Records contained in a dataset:

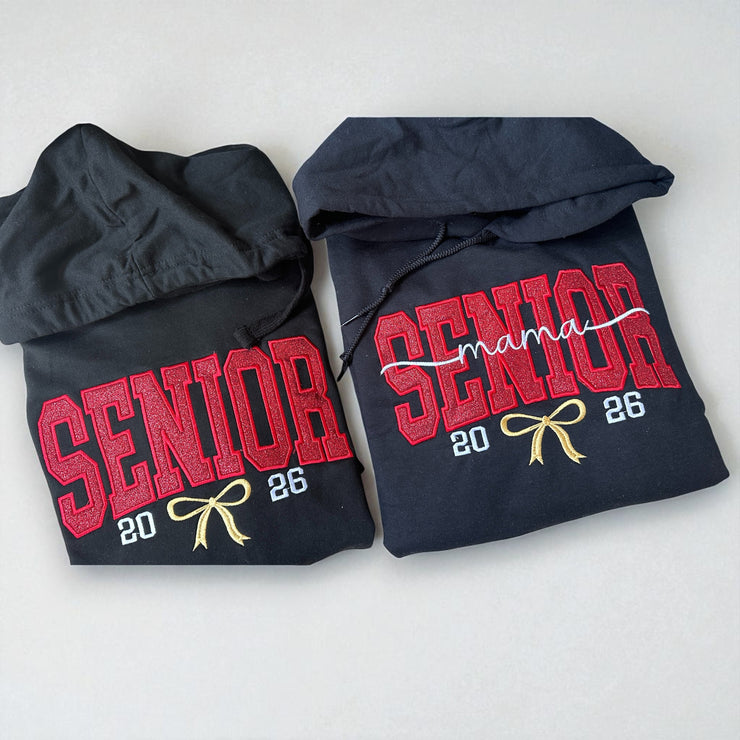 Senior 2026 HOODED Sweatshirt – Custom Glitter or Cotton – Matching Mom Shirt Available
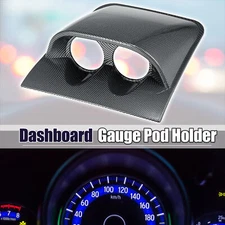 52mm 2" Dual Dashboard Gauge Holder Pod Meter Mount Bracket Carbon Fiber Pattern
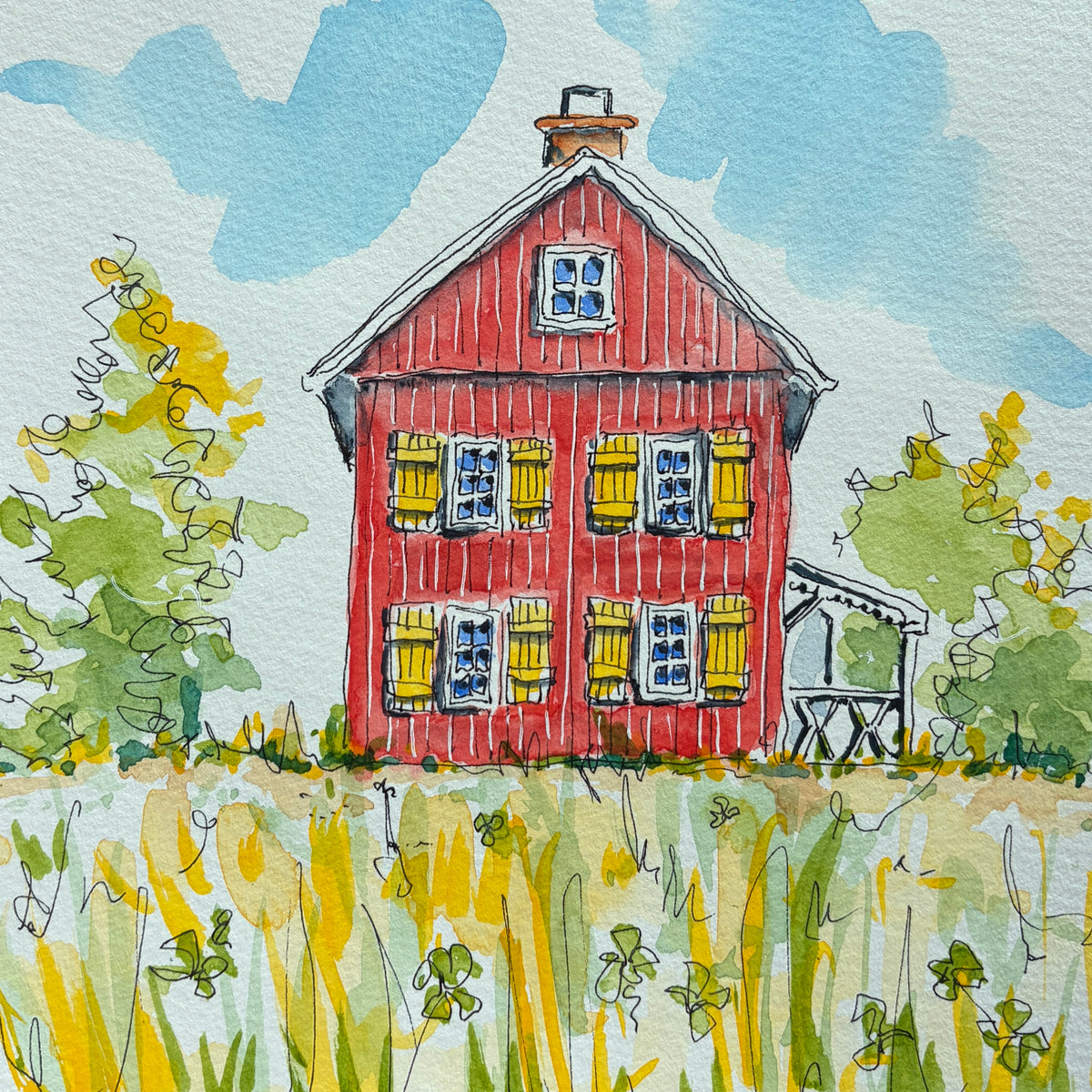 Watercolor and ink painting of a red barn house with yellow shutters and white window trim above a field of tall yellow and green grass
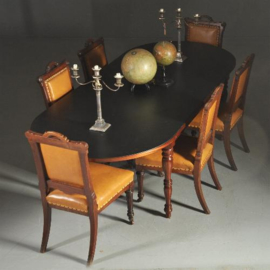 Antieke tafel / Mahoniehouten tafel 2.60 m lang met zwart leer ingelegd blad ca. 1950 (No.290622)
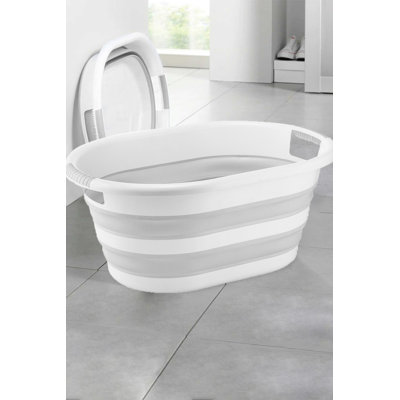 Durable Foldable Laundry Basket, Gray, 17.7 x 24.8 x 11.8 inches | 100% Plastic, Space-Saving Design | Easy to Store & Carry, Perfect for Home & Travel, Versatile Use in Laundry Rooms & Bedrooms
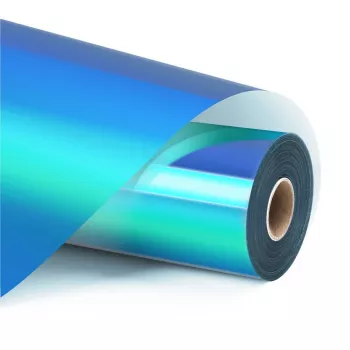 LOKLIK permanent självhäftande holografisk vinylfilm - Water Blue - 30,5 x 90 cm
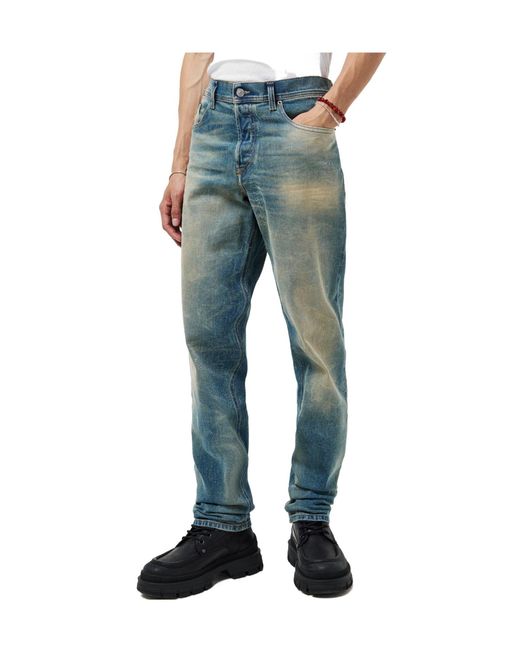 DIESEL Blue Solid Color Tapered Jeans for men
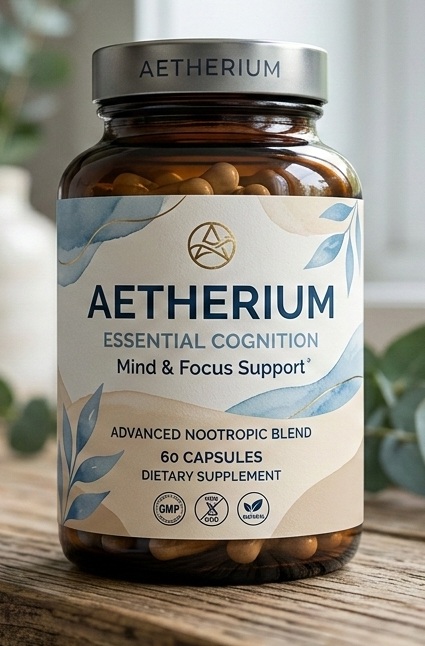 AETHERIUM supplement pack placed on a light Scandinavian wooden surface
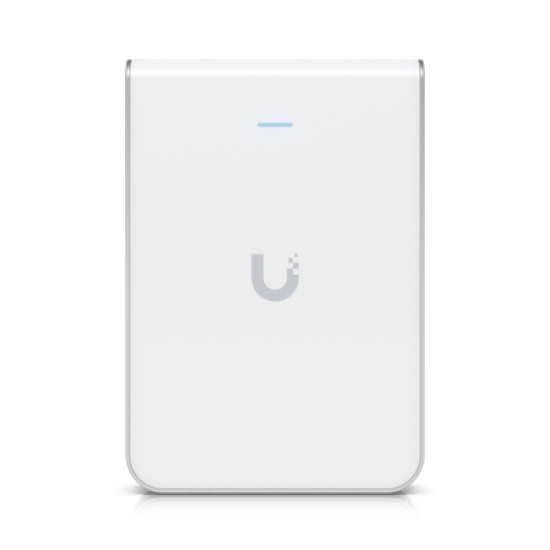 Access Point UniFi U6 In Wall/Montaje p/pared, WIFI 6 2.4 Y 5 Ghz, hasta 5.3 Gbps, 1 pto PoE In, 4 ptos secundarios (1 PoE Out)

▶ **Activity**
Could you set down verbatim the lines from the beginning of the entries above through the line containing "Watercolor and ink", both included, leaving out the pictures?

▶ **Solved exercise**
 Senior 2026 HOODED Sweatshirt – Custom Glitter or Cotton – Matching Mom Shirt Available
 52mm 2" Dual Dashboard Gauge Holder Pod Meter Mount Bracket Carbon Fiber Pattern
 Watercolor and ink painting of a red barn house with yellow shutters and white window trim above a field of tall yellow and green grass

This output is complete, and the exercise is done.